'''
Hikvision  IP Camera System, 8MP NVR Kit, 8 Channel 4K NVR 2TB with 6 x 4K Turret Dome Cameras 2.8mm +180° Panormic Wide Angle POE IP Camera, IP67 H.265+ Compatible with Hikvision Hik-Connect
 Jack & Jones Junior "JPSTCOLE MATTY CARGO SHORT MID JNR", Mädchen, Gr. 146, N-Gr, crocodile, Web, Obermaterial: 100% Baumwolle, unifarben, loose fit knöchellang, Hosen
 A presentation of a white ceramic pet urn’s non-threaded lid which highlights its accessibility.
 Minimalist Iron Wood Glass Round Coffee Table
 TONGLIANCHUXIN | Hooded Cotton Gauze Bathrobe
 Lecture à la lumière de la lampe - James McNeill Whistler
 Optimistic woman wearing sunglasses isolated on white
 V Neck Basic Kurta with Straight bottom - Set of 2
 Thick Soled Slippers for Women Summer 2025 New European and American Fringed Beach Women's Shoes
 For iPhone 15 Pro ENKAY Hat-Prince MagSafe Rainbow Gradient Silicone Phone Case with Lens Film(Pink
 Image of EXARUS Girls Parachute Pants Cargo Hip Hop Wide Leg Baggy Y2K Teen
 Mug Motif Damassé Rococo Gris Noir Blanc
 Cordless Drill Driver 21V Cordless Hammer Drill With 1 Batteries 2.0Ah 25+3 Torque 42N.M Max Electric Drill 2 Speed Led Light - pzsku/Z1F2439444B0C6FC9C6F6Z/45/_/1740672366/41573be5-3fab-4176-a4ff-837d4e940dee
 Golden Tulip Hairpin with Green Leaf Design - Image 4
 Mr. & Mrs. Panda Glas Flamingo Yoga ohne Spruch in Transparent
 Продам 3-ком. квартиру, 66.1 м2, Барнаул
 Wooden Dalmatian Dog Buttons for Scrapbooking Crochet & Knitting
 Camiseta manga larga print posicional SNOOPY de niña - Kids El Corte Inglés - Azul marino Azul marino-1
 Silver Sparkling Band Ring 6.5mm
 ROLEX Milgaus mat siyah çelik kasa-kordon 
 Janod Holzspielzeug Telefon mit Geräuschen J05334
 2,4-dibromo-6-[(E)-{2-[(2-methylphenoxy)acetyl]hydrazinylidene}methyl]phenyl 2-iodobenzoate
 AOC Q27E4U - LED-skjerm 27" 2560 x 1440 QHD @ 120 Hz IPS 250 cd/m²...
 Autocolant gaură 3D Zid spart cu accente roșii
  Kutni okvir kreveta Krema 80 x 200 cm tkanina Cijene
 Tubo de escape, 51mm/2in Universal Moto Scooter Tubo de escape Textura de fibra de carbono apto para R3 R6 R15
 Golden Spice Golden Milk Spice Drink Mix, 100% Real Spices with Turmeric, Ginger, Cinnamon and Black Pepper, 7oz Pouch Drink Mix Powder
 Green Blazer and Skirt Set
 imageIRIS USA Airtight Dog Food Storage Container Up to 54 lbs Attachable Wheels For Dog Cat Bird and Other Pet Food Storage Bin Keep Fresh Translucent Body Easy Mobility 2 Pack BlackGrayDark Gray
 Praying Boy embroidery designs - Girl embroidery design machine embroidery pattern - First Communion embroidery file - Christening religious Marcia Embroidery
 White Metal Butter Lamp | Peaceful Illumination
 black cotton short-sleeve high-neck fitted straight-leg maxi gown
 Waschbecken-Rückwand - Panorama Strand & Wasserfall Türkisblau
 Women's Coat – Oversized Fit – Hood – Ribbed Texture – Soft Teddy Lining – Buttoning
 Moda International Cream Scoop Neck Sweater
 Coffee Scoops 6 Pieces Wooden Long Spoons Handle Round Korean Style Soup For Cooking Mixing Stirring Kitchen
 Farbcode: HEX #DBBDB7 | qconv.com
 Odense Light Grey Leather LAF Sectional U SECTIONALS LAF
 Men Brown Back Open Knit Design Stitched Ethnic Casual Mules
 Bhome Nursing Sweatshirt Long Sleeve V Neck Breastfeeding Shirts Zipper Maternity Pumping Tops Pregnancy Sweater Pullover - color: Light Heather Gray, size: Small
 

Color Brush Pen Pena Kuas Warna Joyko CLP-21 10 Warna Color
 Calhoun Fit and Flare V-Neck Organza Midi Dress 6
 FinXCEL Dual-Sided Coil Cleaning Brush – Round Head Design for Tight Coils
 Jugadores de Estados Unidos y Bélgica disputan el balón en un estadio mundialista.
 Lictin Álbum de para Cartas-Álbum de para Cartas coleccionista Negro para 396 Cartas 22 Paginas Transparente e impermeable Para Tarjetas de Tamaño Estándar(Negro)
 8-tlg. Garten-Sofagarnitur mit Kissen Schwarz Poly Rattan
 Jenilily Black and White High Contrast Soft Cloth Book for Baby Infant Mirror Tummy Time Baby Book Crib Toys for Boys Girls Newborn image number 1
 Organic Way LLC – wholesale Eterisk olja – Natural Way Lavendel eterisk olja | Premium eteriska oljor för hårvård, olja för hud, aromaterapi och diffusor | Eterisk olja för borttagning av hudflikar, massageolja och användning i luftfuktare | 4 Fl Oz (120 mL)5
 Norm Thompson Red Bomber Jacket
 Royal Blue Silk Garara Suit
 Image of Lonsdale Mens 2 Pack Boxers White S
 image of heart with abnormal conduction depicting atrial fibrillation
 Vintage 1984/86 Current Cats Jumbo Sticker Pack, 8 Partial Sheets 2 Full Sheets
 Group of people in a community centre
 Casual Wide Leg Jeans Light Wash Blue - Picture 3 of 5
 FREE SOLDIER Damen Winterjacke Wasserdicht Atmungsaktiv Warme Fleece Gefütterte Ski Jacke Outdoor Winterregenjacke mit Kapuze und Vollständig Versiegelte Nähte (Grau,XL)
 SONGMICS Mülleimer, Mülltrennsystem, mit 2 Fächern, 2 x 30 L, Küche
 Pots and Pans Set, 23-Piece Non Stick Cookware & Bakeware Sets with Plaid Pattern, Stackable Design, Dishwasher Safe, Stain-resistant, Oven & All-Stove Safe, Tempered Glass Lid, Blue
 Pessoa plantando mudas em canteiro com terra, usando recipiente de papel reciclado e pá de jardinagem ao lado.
'''
▶ [EXERCISE] Within the material above, copy exactly the lines from the line that holds "Mug Motif Damassé Rococo Gris Noir Blanc" up to and including the line that holds "ROLEX Milgaus mat siyah çelik kasa-kordon".

▶ [FINISHED TASK]
 Mug Motif Damassé Rococo Gris Noir Blanc
 Cordless Drill Driver 21V Cordless Hammer Drill With 1 Batteries 2.0Ah 25+3 Torque 42N.M Max Electric Drill 2 Speed Led Light - pzsku/Z1F2439444B0C6FC9C6F6Z/45/_/1740672366/41573be5-3fab-4176-a4ff-837d4e940dee
 Golden Tulip Hairpin with Green Leaf Design - Image 4
 Mr. & Mrs. Panda Glas Flamingo Yoga ohne Spruch in Transparent
 Продам 3-ком. квартиру, 66.1 м2, Барнаул
 Wooden Dalmatian Dog Buttons for Scrapbooking Crochet & Knitting
 Camiseta manga larga print posicional SNOOPY de niña - Kids El Corte Inglés - Azul marino Azul marino-1
 Silver Sparkling Band Ring 6.5mm
 ROLEX Milgaus mat siyah çelik kasa-kordon 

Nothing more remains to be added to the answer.